Esses julgamentos demonstram que o TST está, gradualmente, abandonando sua tradição de tolerância à fragmentação jurisprudencial e assumindo um papel institucional mais próximo ao do STF em matéria de sistematização de entendimentos.

Contudo, essa fase de normatização não ocorre em um vácuo ideológico. Ela se insere num contexto mais amplo de retração do papel protetivo do Direito do Trabalho. A jurisprudência recente do TST, mesmo quando busca uniformizar entendimentos, tem adotado uma postura claramente mais conservadora, alinhada com a racionalidade da Reforma Trabalhista de 2017.

Essa racionalidade prioriza previsibilidade, segurança jurídica e redução de litigiosidade — objetivos legítimos, mas que, se desvinculados de uma leitura principiológica do Direito do Trabalho, podem resultar em decisões tecnicamente coerentes, porém socialmente descomprometidas. O risco de engessamento jurisprudencial é real, especialmente se as teses firmadas forem aplicadas com rigidez excessiva, desconsiderando as peculiaridades dos casos concretos.

O discurso da segurança jurídica não pode ser utilizado como pretexto para a desproteção do trabalho. A função contramajoritária da Justiça do Trabalho — sua vocação de defesa da parte hipossuficiente — não pode ser subvertida pela lógica puramente gerencial do Judiciário.

O novo cenário impõe aos advogados trabalhistas uma mudança de postura. O argumento de autoridade, baseado em precedentes, passa a ter papel central na estratégia processual. A atuação profissional deve ser pautada por:

– Monitoramento sistemático dos temas afetados pelo TST: É fundamental acompanhar a pauta dos IRRs e IRDRs, bem como as teses firmadas, suas fundamentações e eventuais modulações.

– Capacidade de distinguir o caso concreto da tese firmada: O domínio da técnica do distinguishing torna-se essencial para evitar a aplicação automática e injusta dos precedentes. Argumentar com base em peculiaridades fáticas é uma habilidade que ganha novo valor.

– Atuação estratégica no ajuizamento das ações: Em muitos casos, a escolha do foro, a tese jurídica adotada e o modo de formular os pedidos devem levar em consideração os entendimentos firmados em IRRs.

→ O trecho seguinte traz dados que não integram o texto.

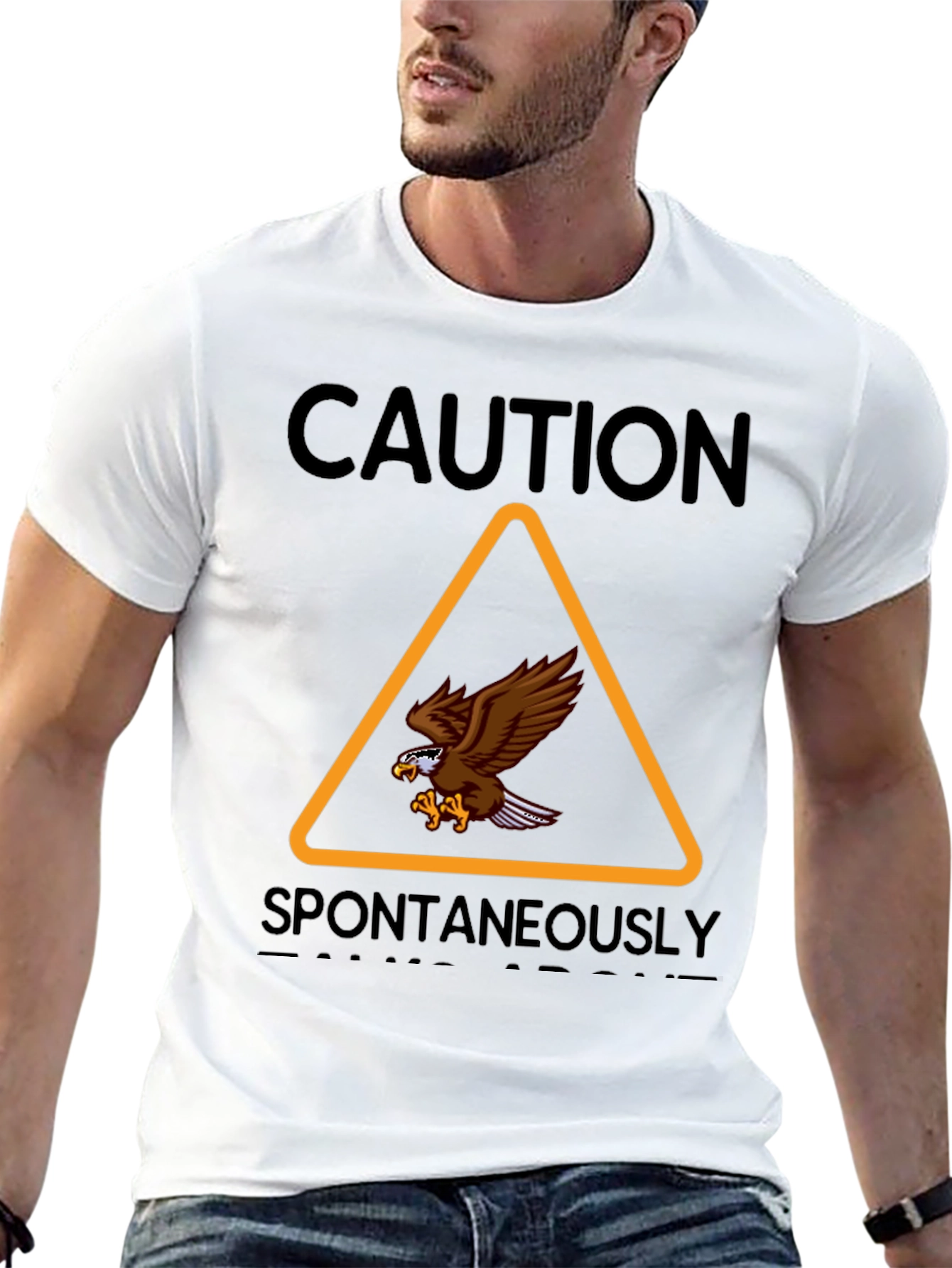Caution Spontaneously Bald Eagle Graphic T-Shirt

– Engajamento institucional: Participar de audiências públicas, apresentar memoriais em casos paradigmas e fomentar o debate doutrinário é uma forma de influenciar os rumos da jurisprudência.

Conclusão

O TST está deixando de ser apenas o guardião da interpretação da CLT para se tornar um verdadeiro legislador jurisprudencial. Essa transformação impõe desafios e oportunidades. É preciso estar atento à jurisprudência, sem se submeter a ela de forma passiva. A advocacia trabalhista deve continuar sendo uma força crítica e propositiva, defendendo a justiça social mesmo em tempos de racionalização conservadora.

Nesse novo ciclo, conhecimento técnico, capacidade analítica e sensibilidade social são as virtudes que definirão a advocacia trabalhista de excelência.